All of these effects are rendered acoustically by the strings and soundboard, promoting integration between traditional and extended piano sounds. Relationships between keyboard gestures and acoustic features are adjustable in software, allowing the instrument to serve as a laboratory for the mapping problem: how do we map the performer’s physical actions to sound in a way that is flexible and intuitive?Footnote 3 Studying the expressive aspects of piano touch, as in Sect. 7.5, may assist in developing mappings that build on the intuition of trained pianists.

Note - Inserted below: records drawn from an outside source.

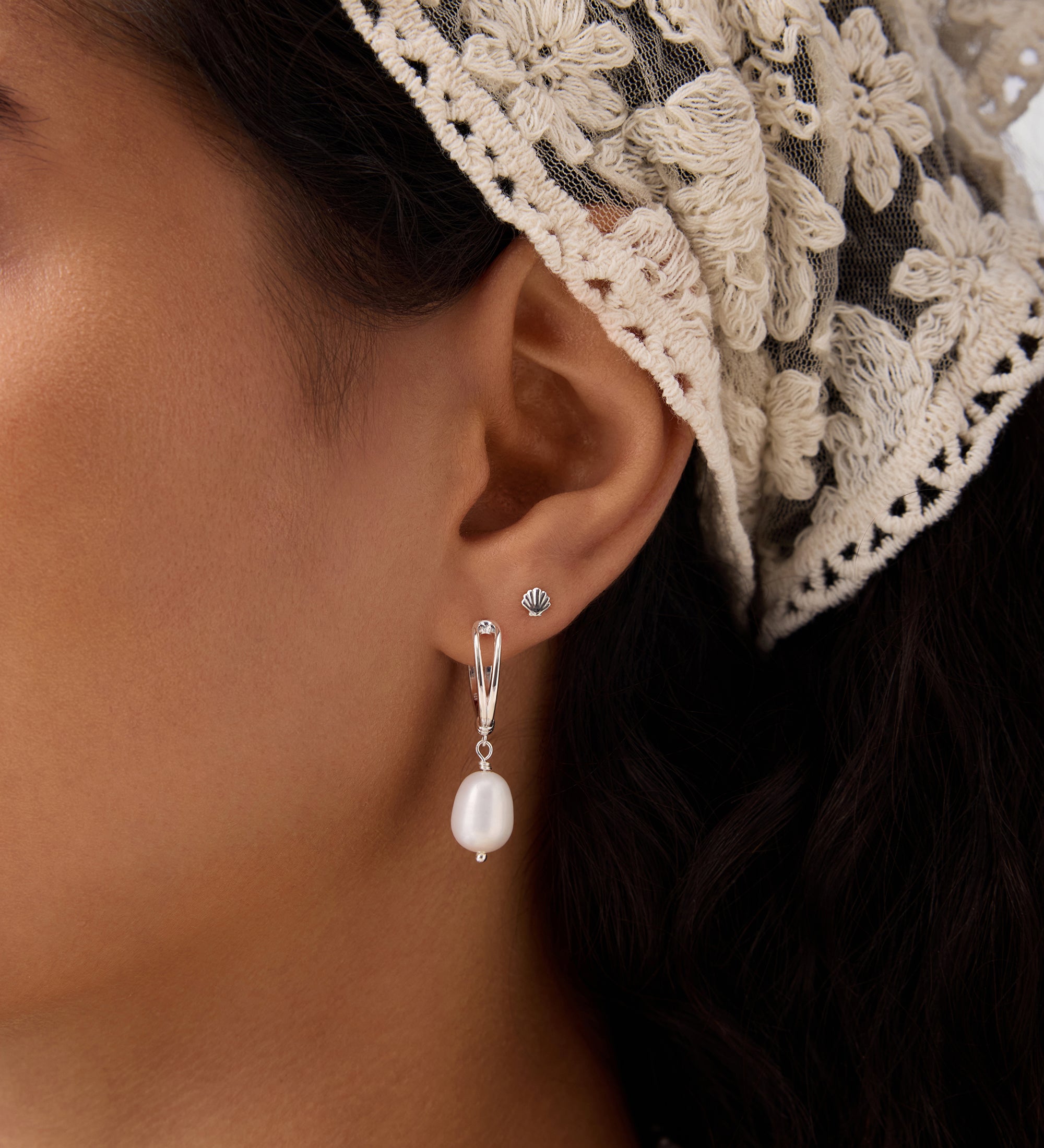 Close-up of a woman's ear wearing the 14K Solid Yellow Gold Shell Flat Back Stud and a silver drop earring with a pearl. She has dark hair, a cream lace headscarf, and a matching pearl necklace partially visible.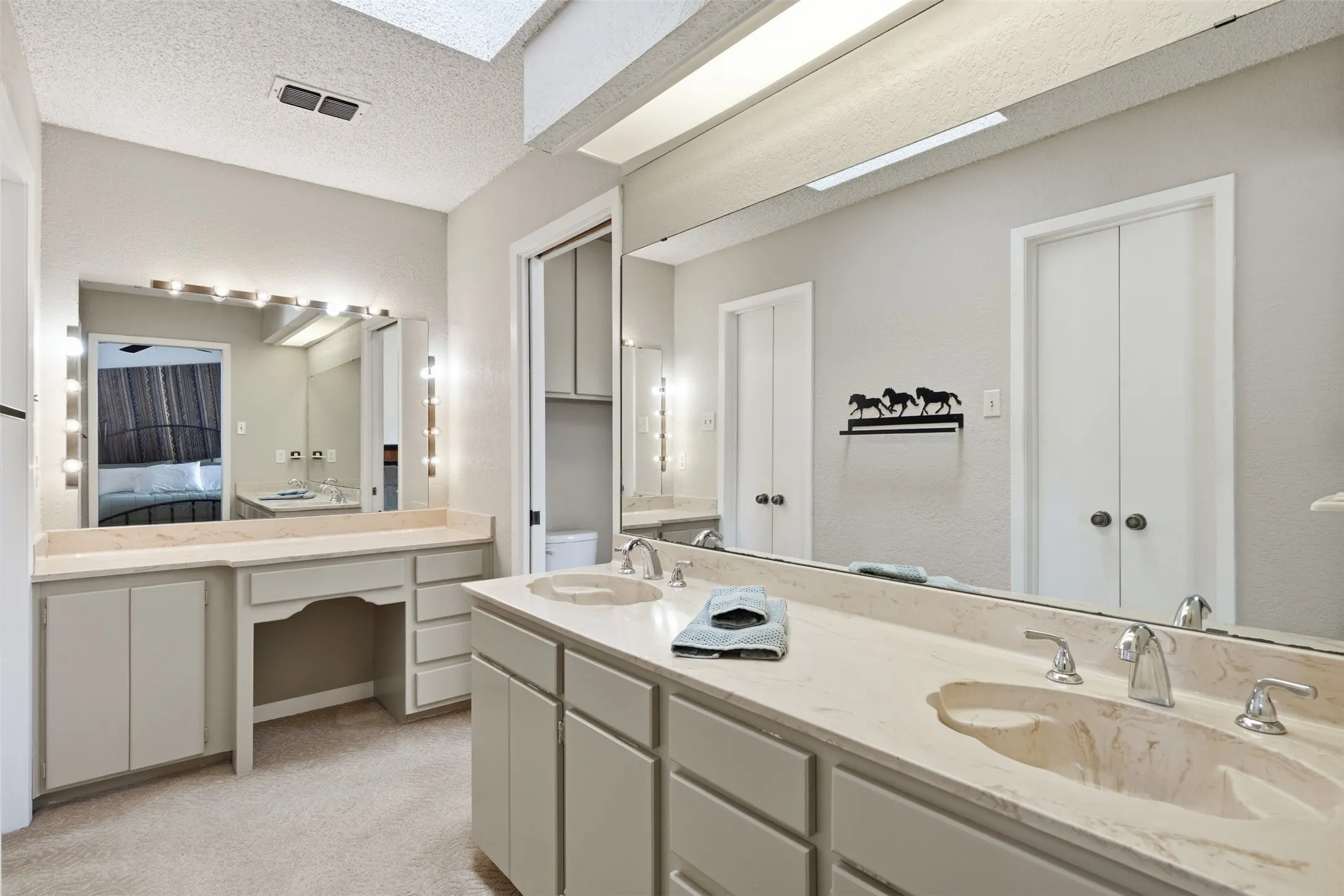 Dual sinks, make-up vanity, pocket door to walk-in shower.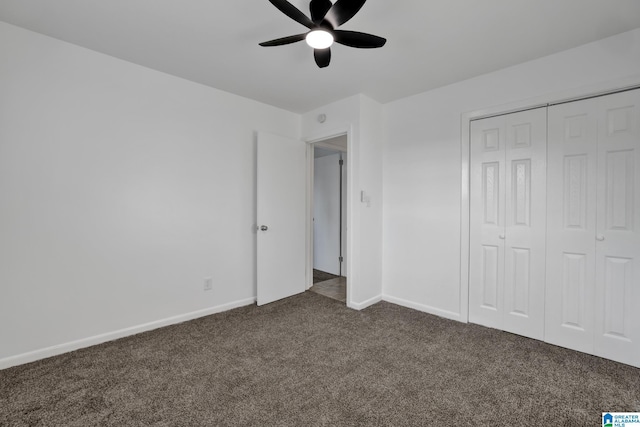 unfurnished bedroom with a closet, dark carpet, a ceiling fan, and baseboards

In McPherson and Kim (2011), we showed that novice and intermediate pianists were successfully able to control the volume of electromagnetically-induced notes by manipulating continuous key position, both for passages played at a constant dynamic level and passages containing crescendos within individual notes. Acoustic feedback appeared to be highly important for user accuracy: when the electromagnetic system was switched off and the pianists were asked to silently control the depth of each key press, they exhibited significantly lower consistency.

7.6.2 Broader Implications for HCI

Even beyond the creation of musical interfaces, piano touch can potentially offer lessons for HCI researchers.

7.6.2.1 The Value of Breaking Abstractions

Most input devices rely on abstractions: keyboards, mice, trackpads and touchscreens each capture a few salient dimensions of a more complex human motor process. In this chapter, we have shown how breaking down a similar abstraction at the piano keyboard can yield additional insight into the performer’s intention. We are interested not only in which keys are pressed and when, but how the keys are pressed. Despite the apparent irrelevance of many of the additional dimensions of motion to sound production at the piano, interviews and the pedagogical literature show that pianists feel strongly about them, with certain patterns appearing common across performers and others serving as hallmarks of personal style.

Correspondingly, HCI researchers may find value in considering the broader gestural parameters of common devices. Examples of such approaches include pressure-sensitive computer keyboards (Dietz et al. 2009) and mice (Cechanowicz et al. 2007) and touch-screen interaction which considers the orientation of the user’s finger in addition to traditional XY contact location (Wang et al. 2009). A potentially interesting area of exploration would employ such systems in common interaction scenarios without alerting the user to the presence of additional dimensions, looking for patterns in users’ gestures which could guide the development of future interfaces.

7.6.2.2 Interaction on an Intuitive Level

The piano can be considered as a human-machine interface whose parameters of interaction are quite different from normal computer systems. Playing a musical instrument involves a great deal of internalised, subconscious motor control, and correspondingly, expressive musical intent and physical gesture are connected on an intuitive level. Though piano technique reflects considerable specialised training, we believe that patterns of expression at the piano can potentially generalise to other gestural interfaces.

Designing interfaces to specifically capture expressive information is a challenge; even defining the nature of “expression” is no easy task. A notable recent example of such a system is EyesWeb (Camurri et al. 2004), which analyses motion profiles from video data to assess expressive intent. Our experience with piano technique suggests that expressive cues can be found in many places, and that bridging the qualitative and quantitative creates potential for new computer interfaces that permit intuitive, expressive interaction, with applications to the creative arts and beyond.